The turn to “law enforcement” was an attempt to level the public playing field for the working class.
During Wilson’s centuries-long order love-in, Gates would never have been arrested for shouting at the police while propertied. Back then, the police knew why, and for whom, they toiled in the streets.
— Kristoffer V. Sargent · Jul 29, 02:36 PM · #
Kris, I take your point regarding “classical” order maintenance.
Carter’s conception of the modern “democratic” order is something closer to we are all expected to act respectfully to police acting within their authority, whether we’re Joe Sixpack, Mel Gibson, or Larry Craig.
— J Mann · Jul 29, 02:44 PM · #
“police acting within their authority”
So Joe the Blogger’s position is that it was within Crowleys authority to arrest Gates based on a mistake, and to describe “two men with suitcases one possibly hispanic” as “two black men with backpacks”?
Would that be your position also, J Mann?
— matoko_chan · Jul 29, 02:50 PM · #
Does Crowley have the “authority” to describe a suitcase as a backpack? I’m not sure I understand the question.

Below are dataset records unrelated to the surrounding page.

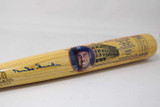 Duke Snider Cooperstown Bat Signed Auto Signed PSA/DNA Dodgers Famous Player Series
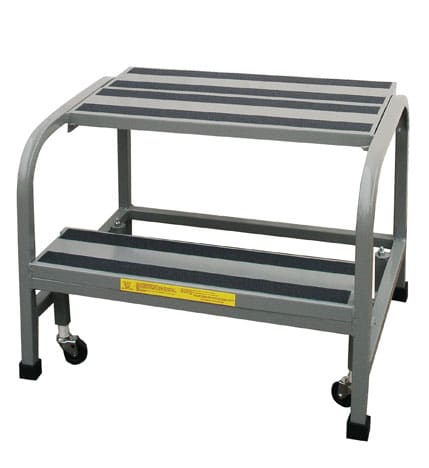 mobile office stand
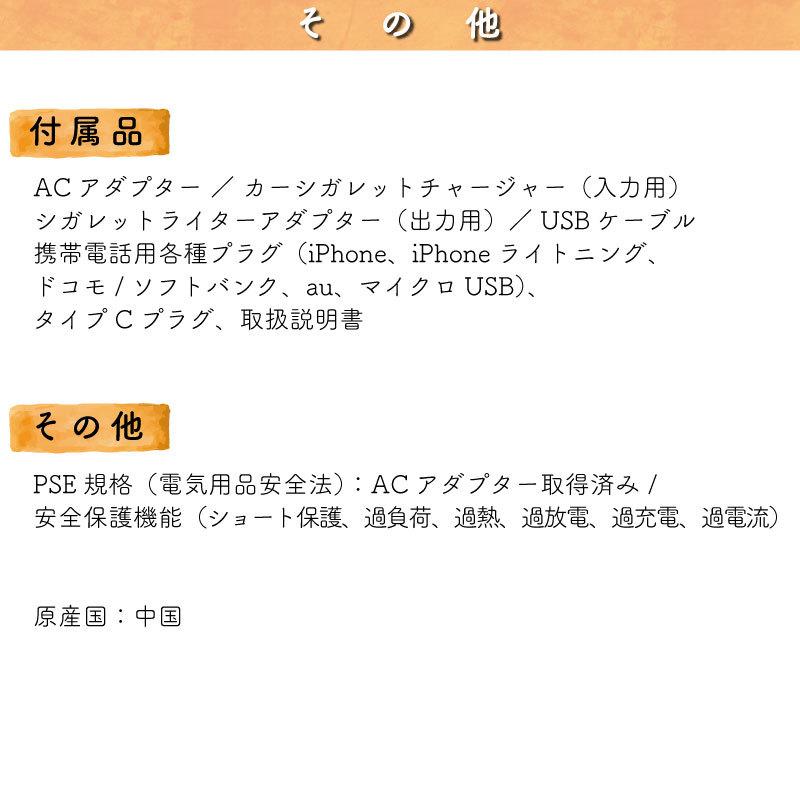 ポータブル電源 大容量 スーパーメガパワーステーション SSBSMPB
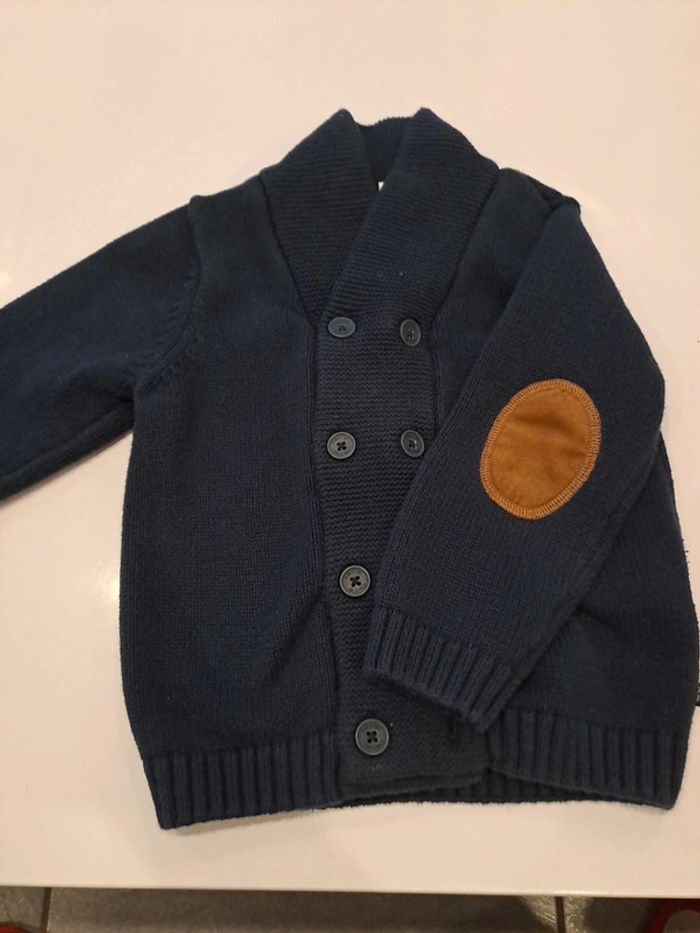 Gilet
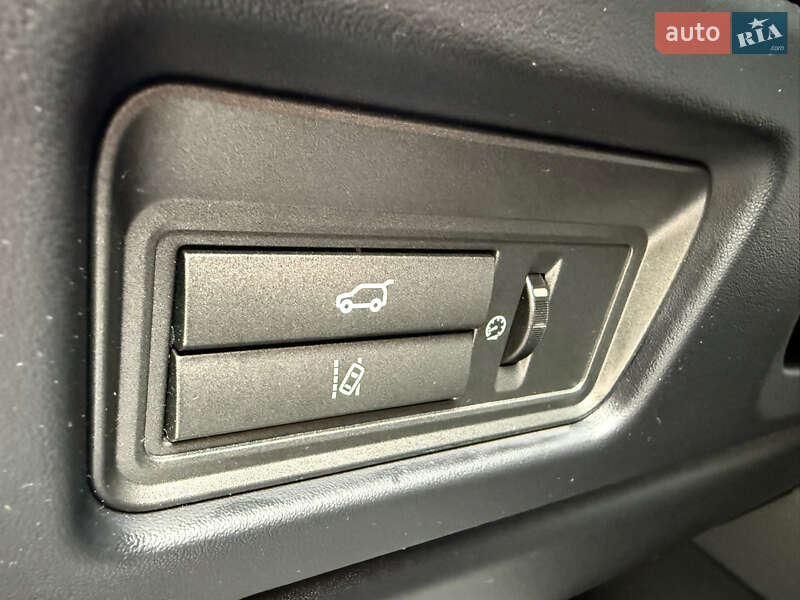 Land Rover Range Rover Evoque 2014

Are you arguing that Gates was correct to yell at Crowley, and then later to lie about yelling at it, because Crowley would later write “backpack” in his report instead of “suitcase?” How would that work – did Crowley say “do you have a backpack”, justifiably outraging Gates?

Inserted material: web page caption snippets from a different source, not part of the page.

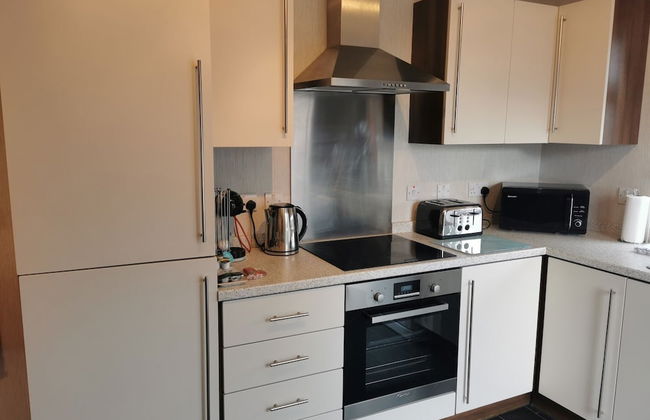 2 Bed Cabin - Sleeps 4 - Pets - 5 min to Beach - Photo 5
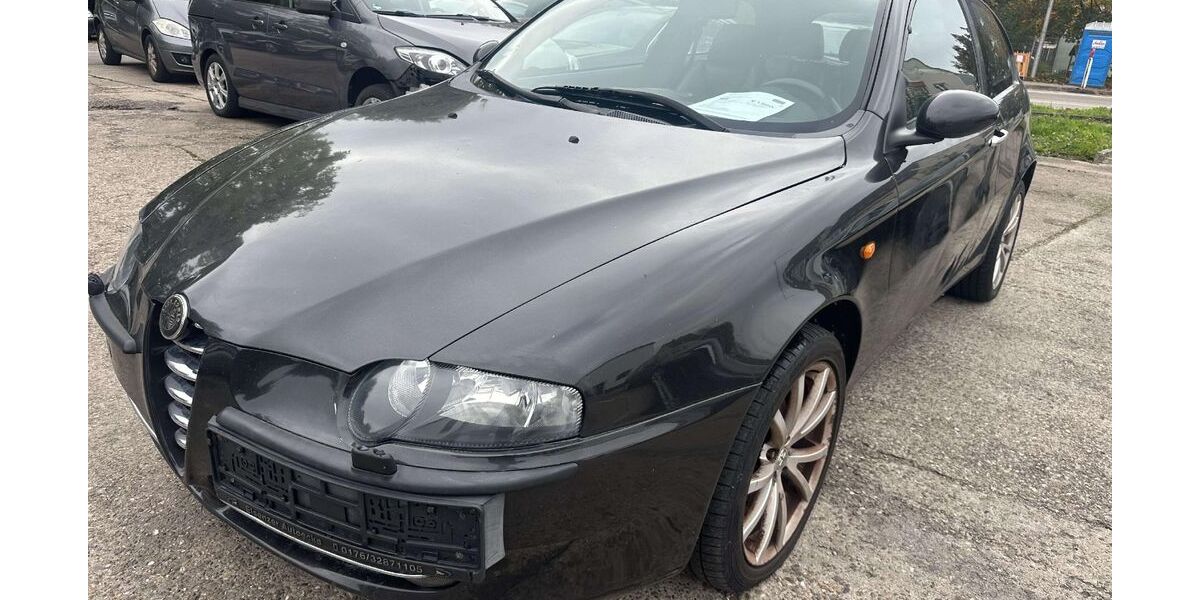 Alfa Romeo 147 235.000 km 600 &euro; Murr 71711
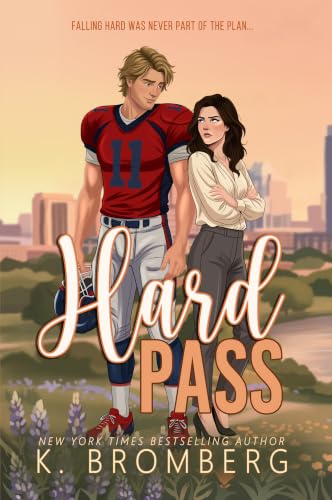 Hard Pass book cover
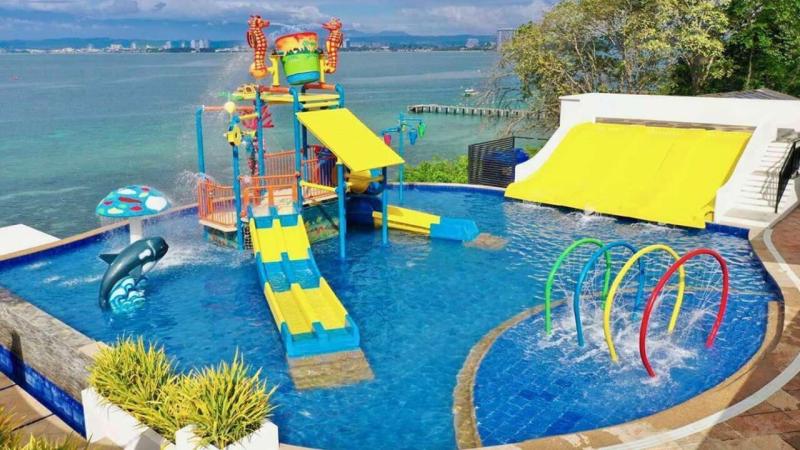 Best Pet Friendly Beach Resort In Batangas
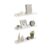 Floating Shelves Set of 2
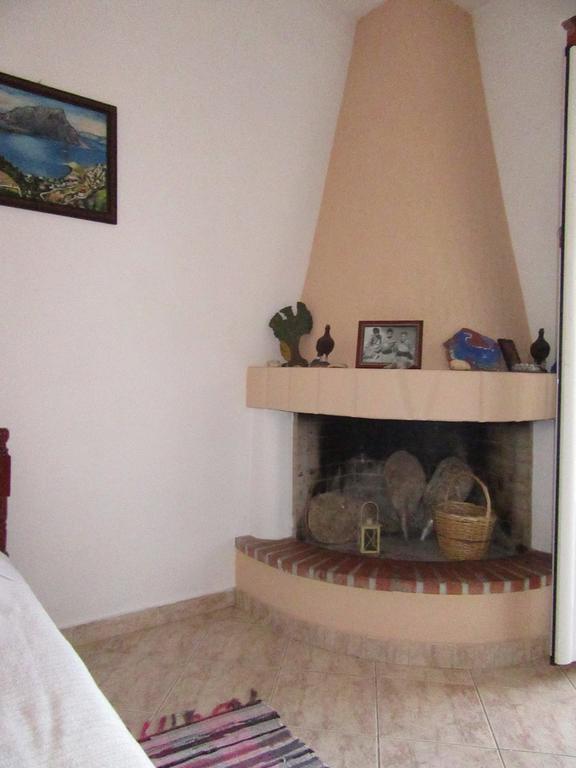 Kalotina'S Apartments Emborios 外观 照片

He’s probably required to make his best efforts to record information accurately, but that strikes me as a game of telephone – he gets the call, drives out to the house, and by the time he writes the report, he can’t remember whether the dispatcher said suitcase or backpack.

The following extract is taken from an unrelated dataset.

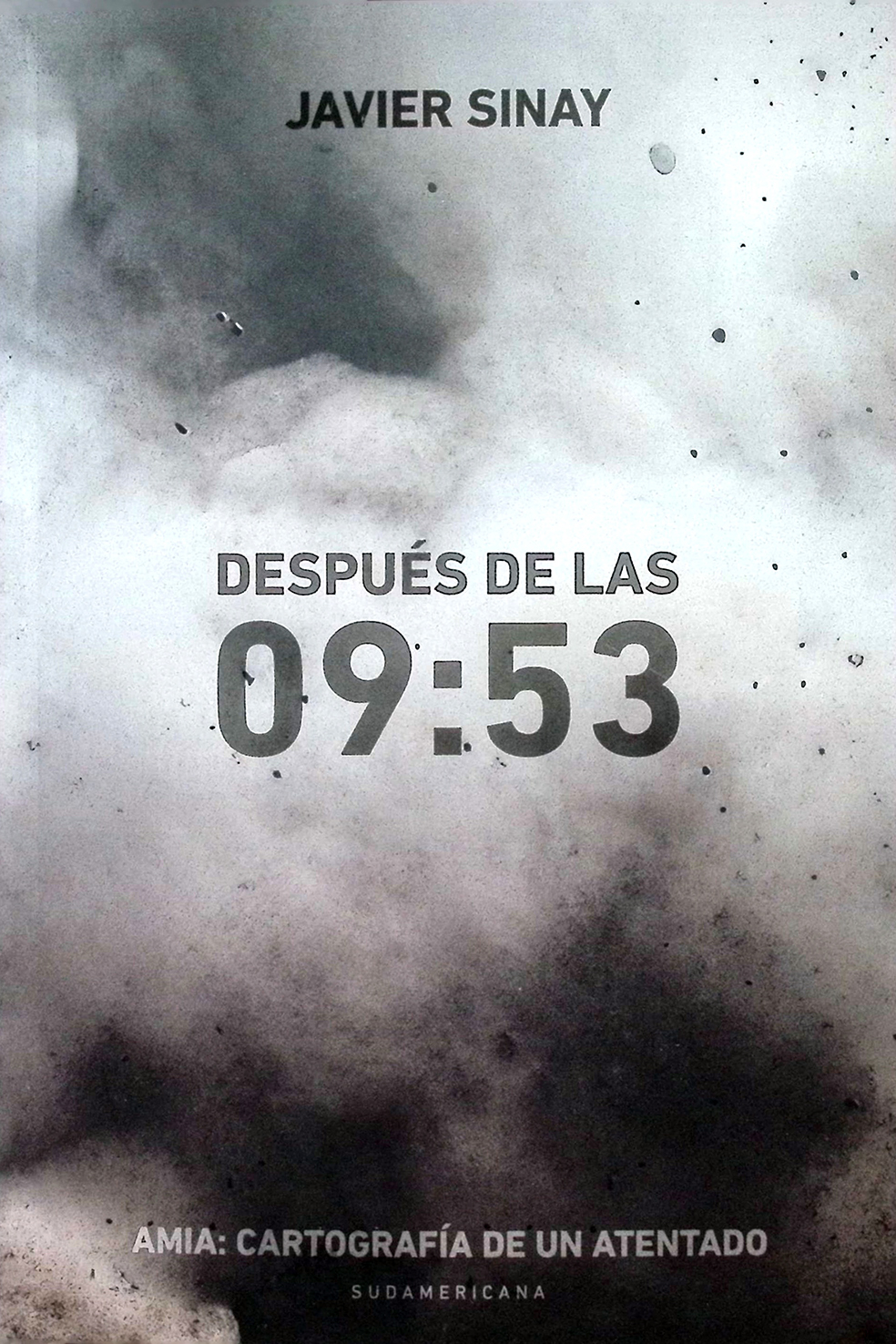 Después de las 9:53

— J Mann · Jul 29, 02:57 PM · #
He could have looked at the transcript, J Mann.
But my main question is was it within his authority to arrest Gates based on a mistake?
I do not see any rational for Crowley believing that Gates was a threat to either society or the ….officer himself.
And why invite Gates to follow him outside?
To extend his authority?
And I guess I am arguing that yelling should not be a rationale for arrest, if that is all Crowley had.
— matoko_chan · Jul 29, 03:07 PM · #
Also…how did “two men one possibly hispanic” morph into “two black men”?
— matoko_chan · Jul 29, 03:09 PM · #
I think that would be a very odd mistake for Crowley to make, given that he taught classes in racial sensitivity to other cops.
— matoko_chan · Jul 29, 03:12 PM · #
Matoko,
At least down here in the South, cops don’t field 911 calls. Nor are they sent transcripts of 911 calls while out on the beat. Criticism of Crowley’s mistake might be valid, but to know that we need to know what dispatch said to him.
JMann, I don’t disagree with that at all. Respect for office is a democratic ideal, and when dealing with patrolmen, a prudential strategy to boot. And Gates is an asshole, no question.
Crowley shouldn’t have arrested him, though. Not from his house, not for being rude and erratic.
— Kristoffer V. Sargent · Jul 29, 03:56 PM · #
KVS, if people can be arrested for being assholes, wouldn’t that put at least of the “conservative” pundit class in prison?
— matoko_chan · Jul 29, 04:43 PM · #
most.
;)
and srsly….KVS expects meh to believe that the dispatcher turned “two men one possible hispanic” into “two black men”?
get real.
That would surely be a firing offense.
I imagine there is an established transmission protocol in place.
try again.
— matoko_chan · Jul 29, 04:46 PM · #
“ME: I’m also curious how “Chet” knows what he states as a blunt fact in the first graf of his own (“since it’s not”). CHET: The cop’s report has been contradicted by the eyewitnesses and the victim, as well as by the 911 call itself.”
That doesn’t prove your point. The cop’s report being contradicted by others merely establishes the fact of a contradiction, not who is right on the point. Your use of the term “victim” makes it clear you a-priori decided on the narrative, privileging Professor Gates as the victim. The 911 call (as noted by others above) also clearly establishes Prof. Gates as not having told the truth on at least a couple of points, while the only fact point of the officer it contradicts is the “two black men” detail. And I am unaware of contradictions among eyewitnesses and Sgt. Crowley’s account (could you elaborate on what they are).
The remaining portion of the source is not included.